## What you need to do
Please retype the data in full and exactly; the pictures are not part of the copy.

[Stored records]
↓↓↓
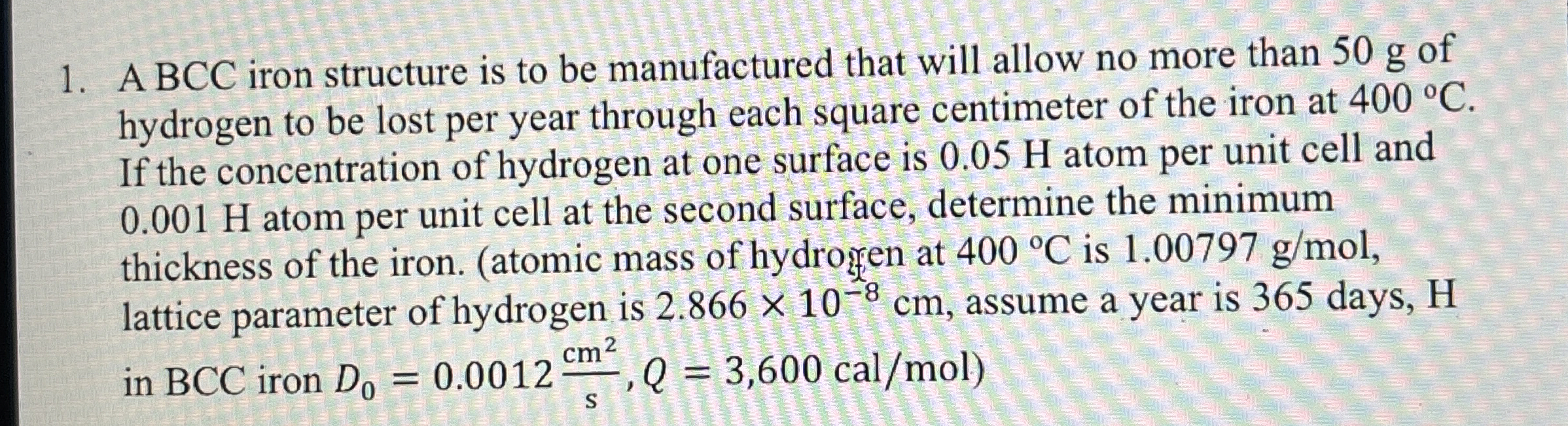 ABCC iron structure is to be manufactured that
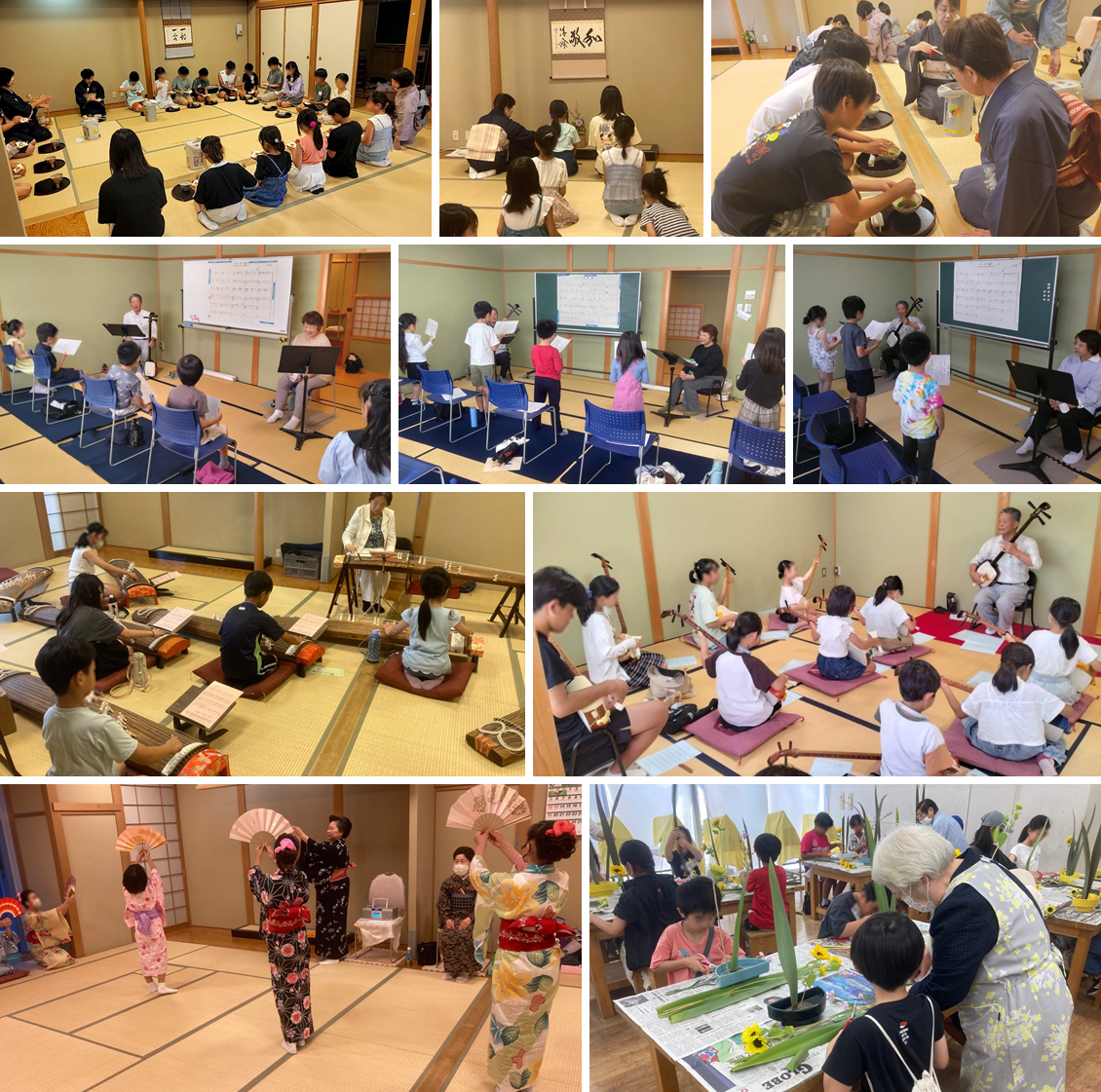 令和7年度その1（華道、茶道、三味線、箏曲、民謡、邦舞踊）の様子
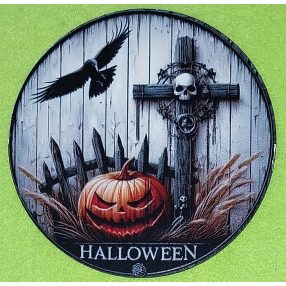   Nyomtatott fa Kopogtató közép   Halálfejes kereszt Halloween  felirattal 	1db	11,8cm 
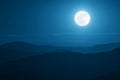 Dramatic Mountain Moonrise With Deep Blue Sky and Shadows Royalty Free Stock Photo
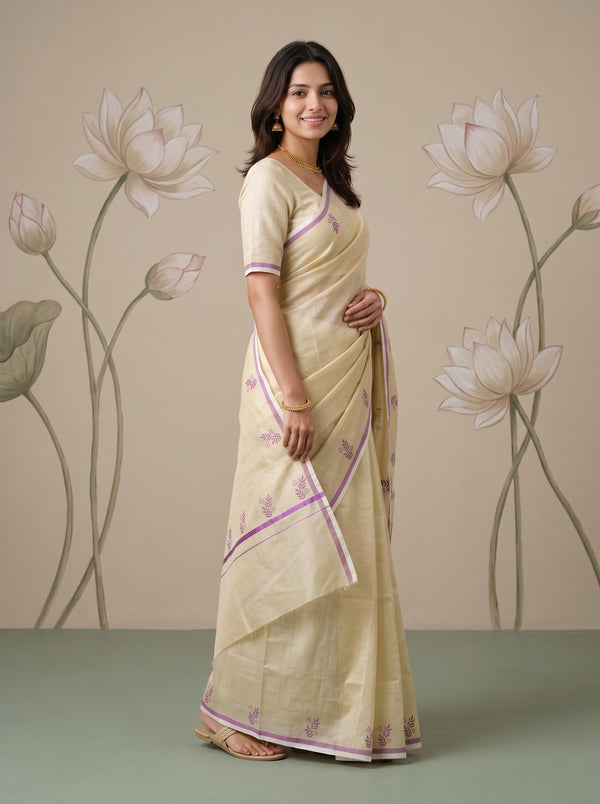 Tissue Cream Purple Leaf Print Onam Special Kerala Saree
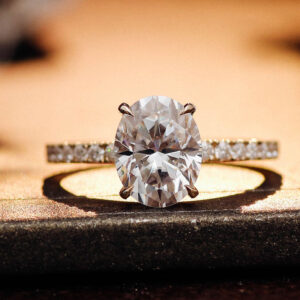 Infinity Diamond Engagement Ring Oval Cut Lab Grown 3 Carat  in 14K Gold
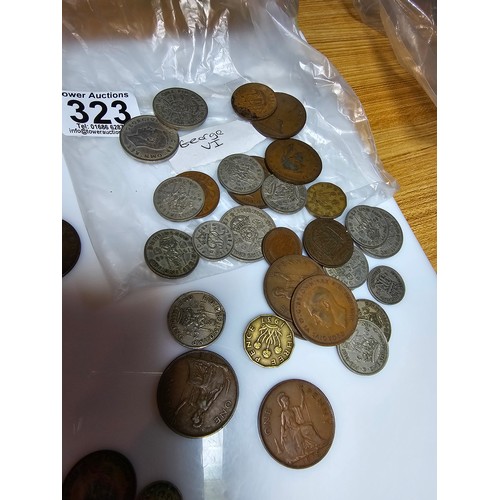 323 - Selection of organized antique British coins covering various reigns which includes 2x good conditio... 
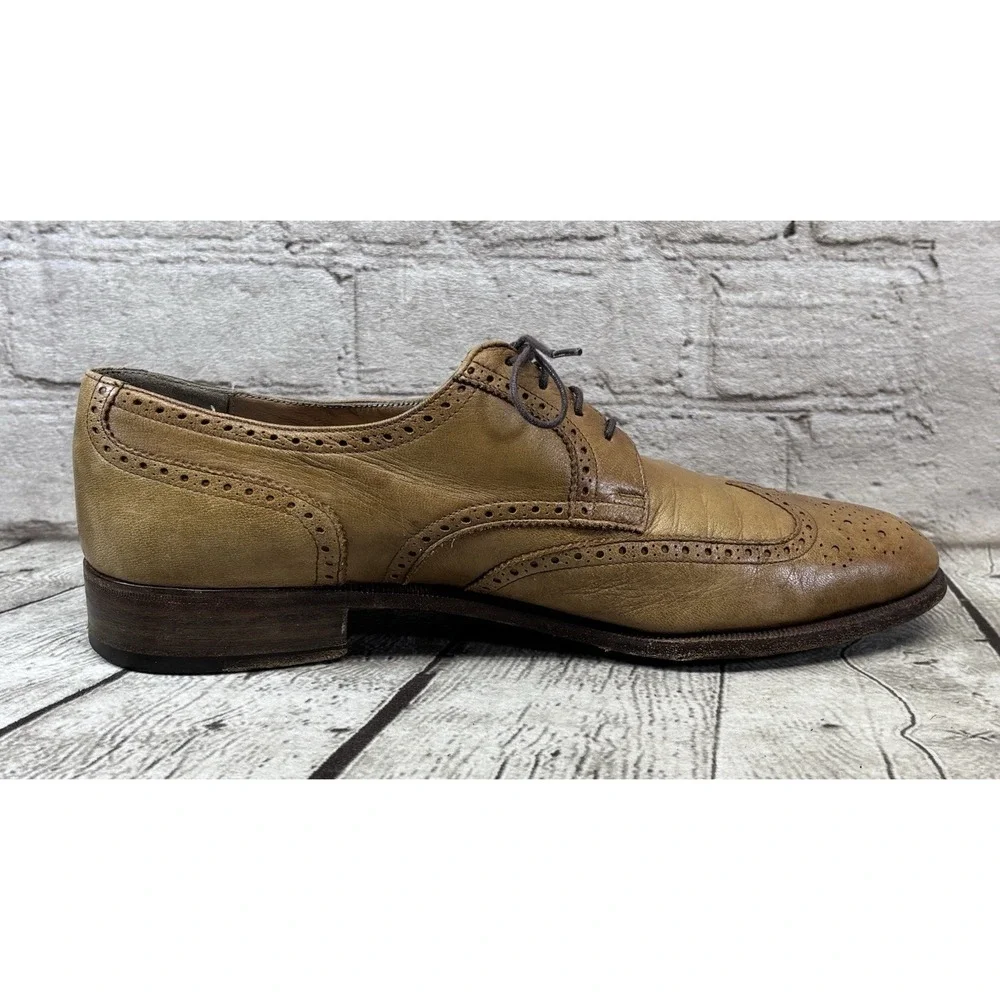 Salvatore Ferragamo Men's Tan Leather Wingtip Oxford Brogue‎ Shoes 8.5D Italy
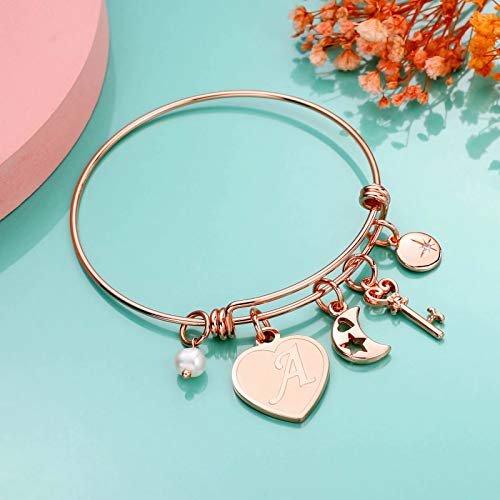 M Mooham Charm Bracelets For Women Girls, Rose Gold Letter A Initial Charm Bangle Bracelet Mothers Day Valentines Present Gifts For Women Jewelry, Bridesmaid Proposal Gifts For Wedding #TOP2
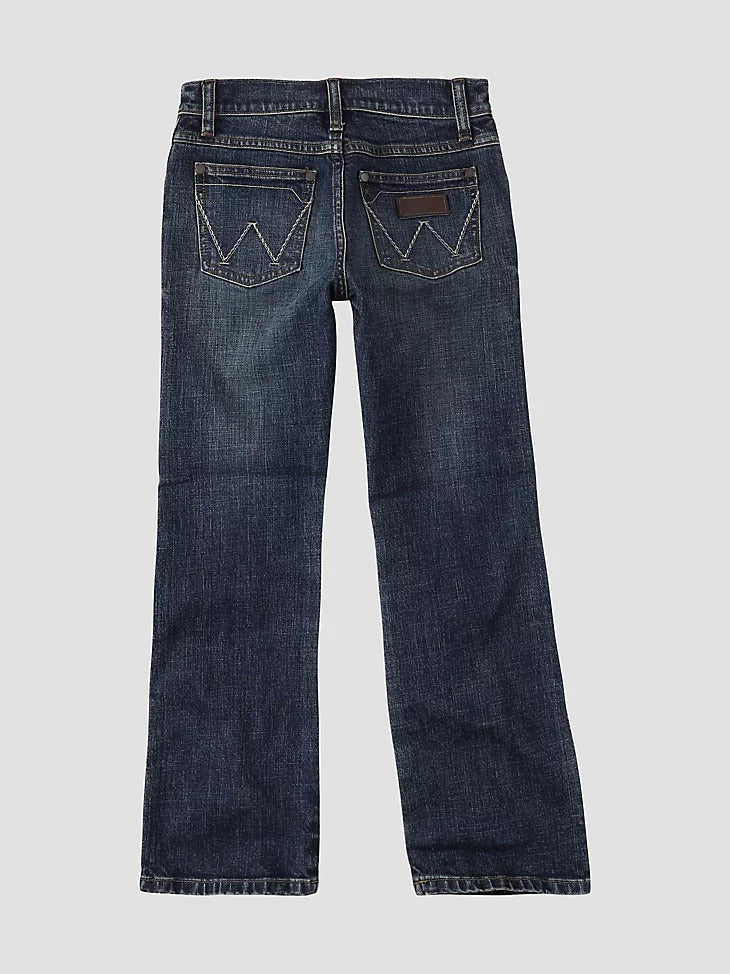 Wrangler® Boys Retro Slim Boot Cut Jeans in Layton Dark Wash [112336145]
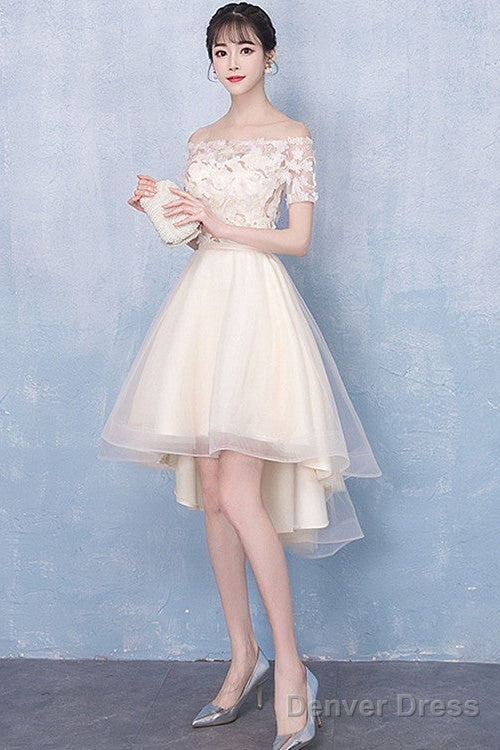 Champagne High Low Off Shoulder Tulle With Lace Prom Dress , Short Homecoming Dress Main image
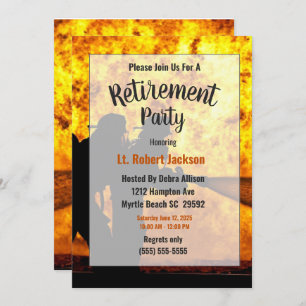 Invitation Flammes de pompiers / Flammes chef de la retraite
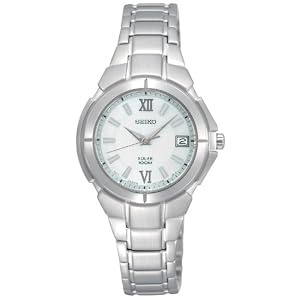 Seiko SUT021 Women's Quartz Solar Powered Stainless Steel Watch 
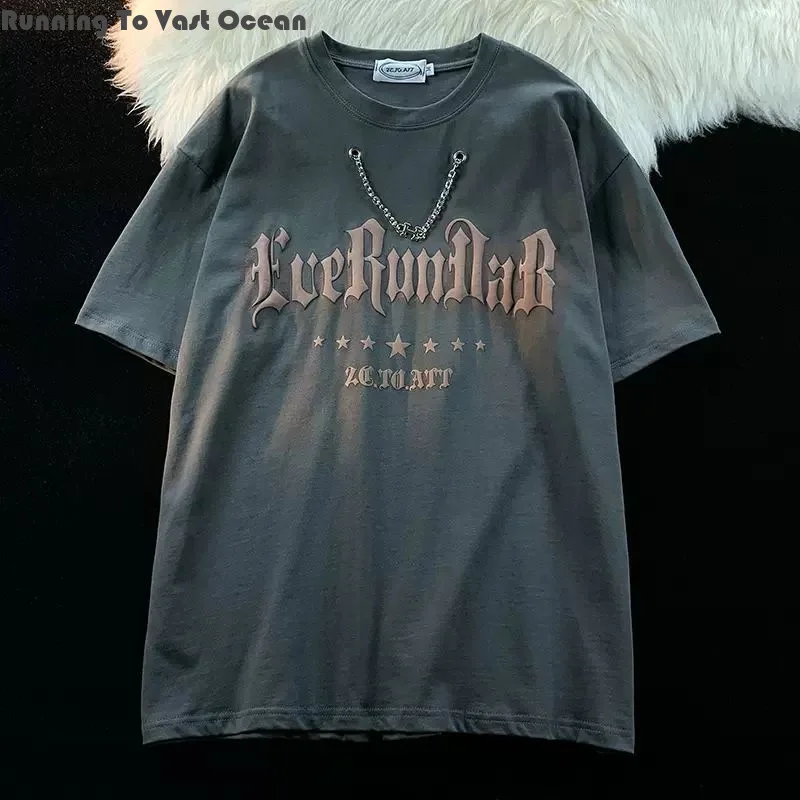 

2024 New Summer Hiphop Style Commuting Contrasting Color Foam Necklace Shortsleeved Loose Street Foaming Dance Men's T-shirt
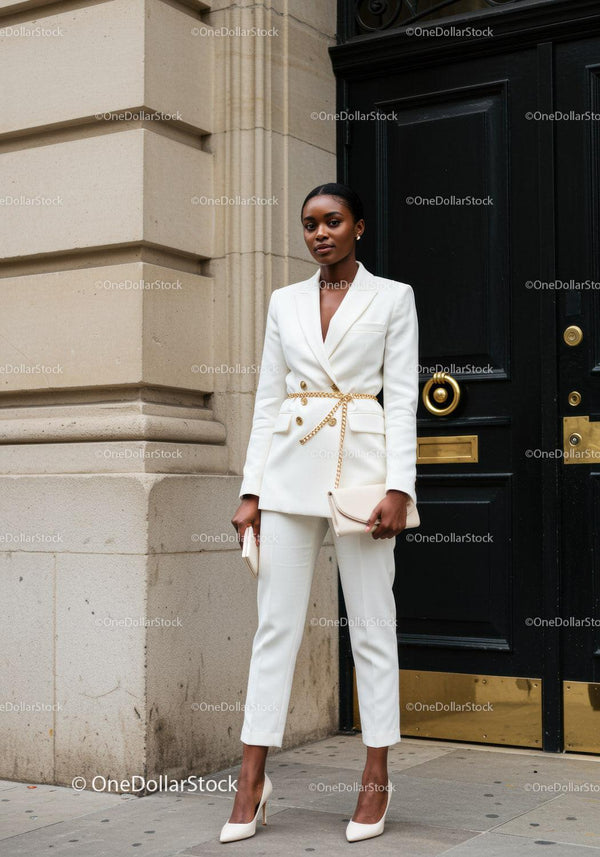 Pewna siebie kobieta w eleganckim białym garniturze na zewnątrz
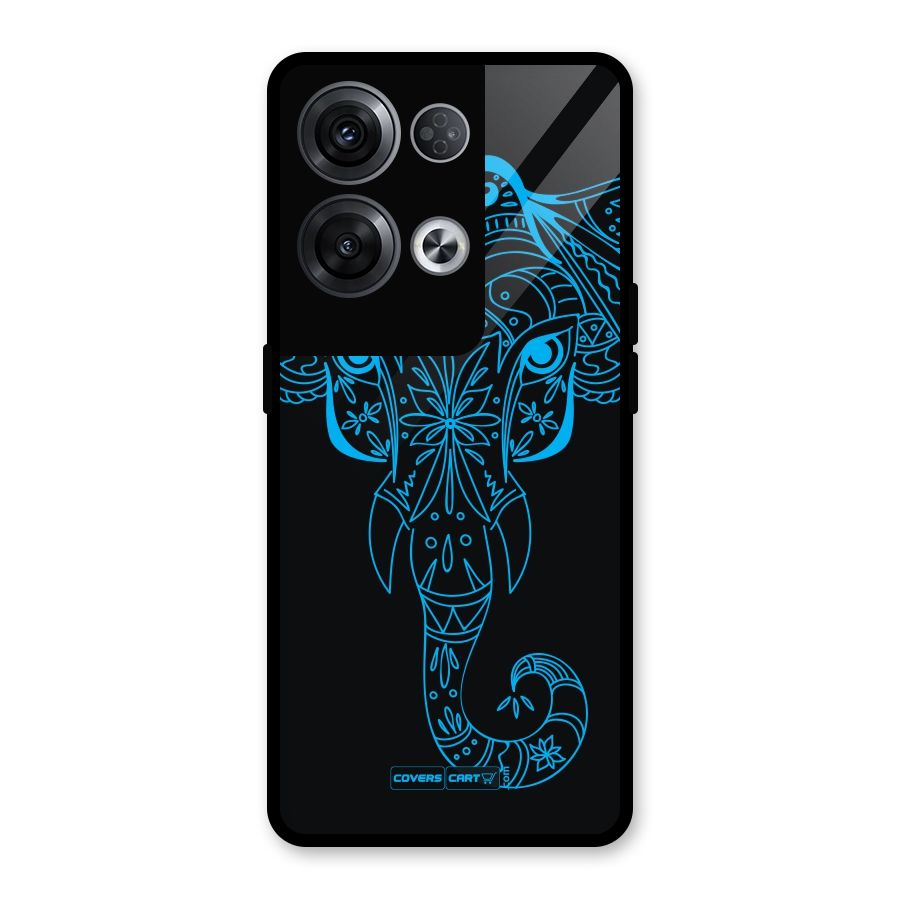 Blue Elephant Ethnic Glass Back Case for Oppo Reno8 Pro 5G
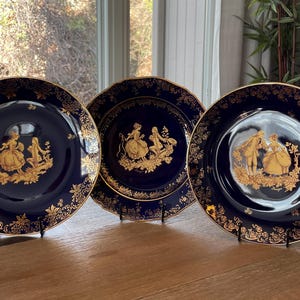 Limoges PARTHENON プレート 皿 ネイビー&ゴールド Limoges Plates Cobalt and Gold - Etsy
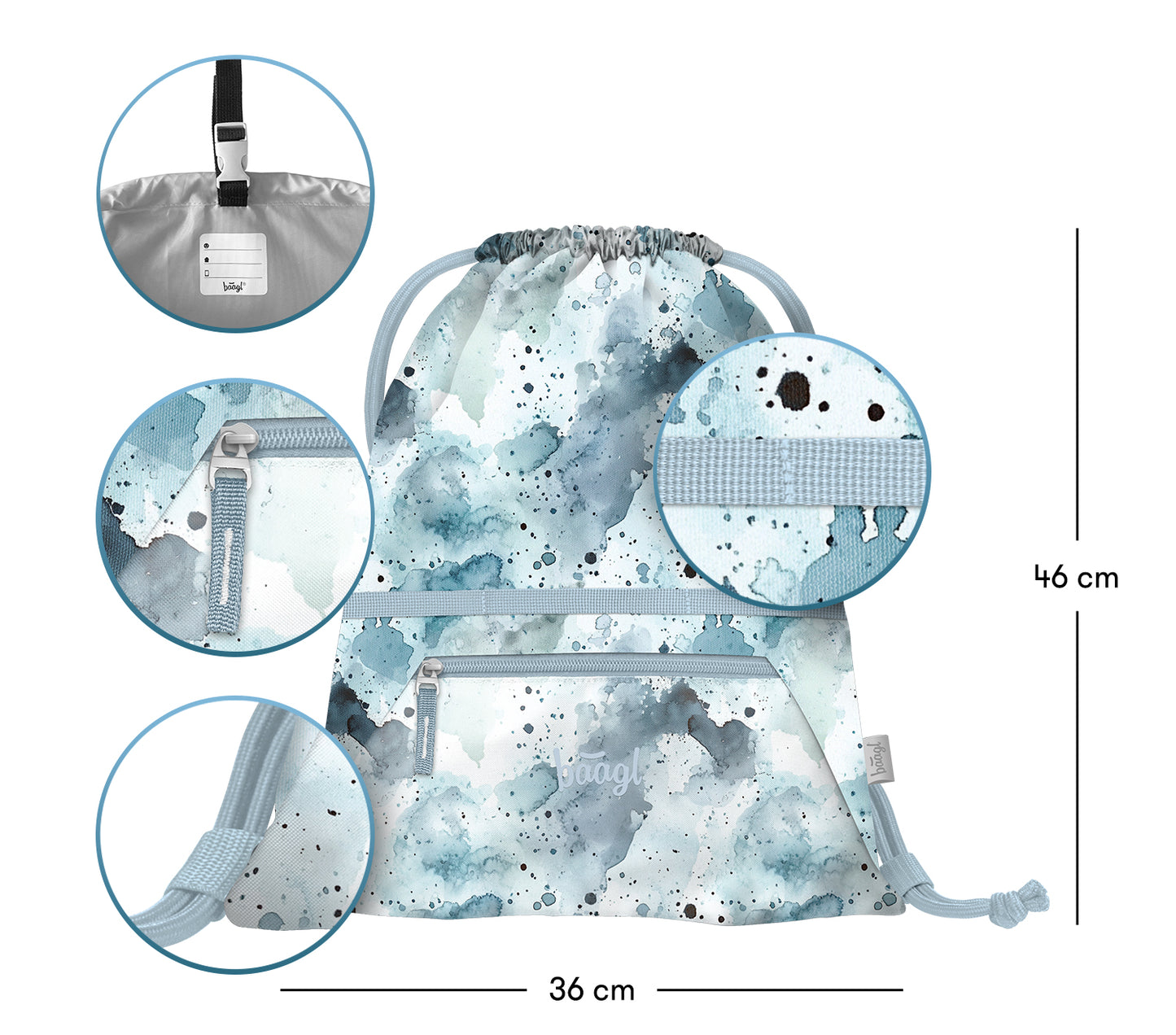 Turnbeutel mit Tasche Polar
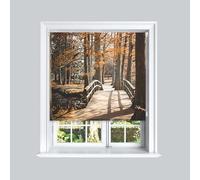 Lister Cartwright Photographic Blackout Roller Blind - (150 x 140 cm) Printed Colourful Roller Blind Easy Fit Window Blind with Child Safety - Bedroom Bathroom Kitchen & Living Room - Park Bridge
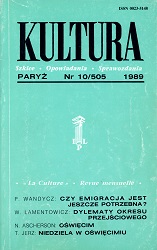 PARIS KULTURA – 1989 / 505 Cover Image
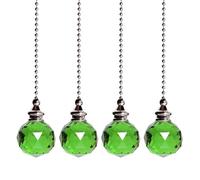 4 cadenas de tracción para ventilador de techo, extensión de cadena de luz con bola de prisma de cristal, cable de cristal para lámpara de dormitorio, cadena decorativa para ventilador, cadena de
↑↑↑
## Exercise output
 ABCC iron structure is to be manufactured that
 令和7年度その1（華道、茶道、三味線、箏曲、民謡、邦舞踊）の様子
   Nyomtatott fa Kopogtató közép   Halálfejes kereszt Halloween  felirattal 	1db	11,8cm 
 Dramatic Mountain Moonrise With Deep Blue Sky and Shadows Royalty Free Stock Photo
 Tissue Cream Purple Leaf Print Onam Special Kerala Saree
 Infinity Diamond Engagement Ring Oval Cut Lab Grown 3 Carat  in 14K Gold
 323 - Selection of organized antique British coins covering various reigns which includes 2x good conditio... 
 Salvatore Ferragamo Men's Tan Leather Wingtip Oxford Brogue‎ Shoes 8.5D Italy
 M Mooham Charm Bracelets For Women Girls, Rose Gold Letter A Initial Charm Bangle Bracelet Mothers Day Valentines Present Gifts For Women Jewelry, Bridesmaid Proposal Gifts For Wedding #TOP2
 Wrangler® Boys Retro Slim Boot Cut Jeans in Layton Dark Wash [112336145]
 Champagne High Low Off Shoulder Tulle With Lace Prom Dress , Short Homecoming Dress Main image
 Invitation Flammes de pompiers / Flammes chef de la retraite
 Seiko SUT021 Women's Quartz Solar Powered Stainless Steel Watch 

2024 New Summer Hiphop Style Commuting Contrasting Color Foam Necklace Shortsleeved Loose Street Foaming Dance Men's T-shirt
 Pewna siebie kobieta w eleganckim białym garniturze na zewnątrz
 Blue Elephant Ethnic Glass Back Case for Oppo Reno8 Pro 5G
 Limoges PARTHENON プレート 皿 ネイビー&ゴールド Limoges Plates Cobalt and Gold - Etsy
 Turnbeutel mit Tasche Polar
 Lister Cartwright Photographic Blackout Roller Blind - (150 x 140 cm) Printed Colourful Roller Blind Easy Fit Window Blind with Child Safety - Bedroom Bathroom Kitchen & Living Room - Park Bridge
 PARIS KULTURA – 1989 / 505 Cover Image
 4 cadenas de tracción para ventilador de techo, extensión de cadena de luz con bola de prisma de cristal, cable de cristal para lámpara de dormitorio, cadena decorativa para ventilador, cadena de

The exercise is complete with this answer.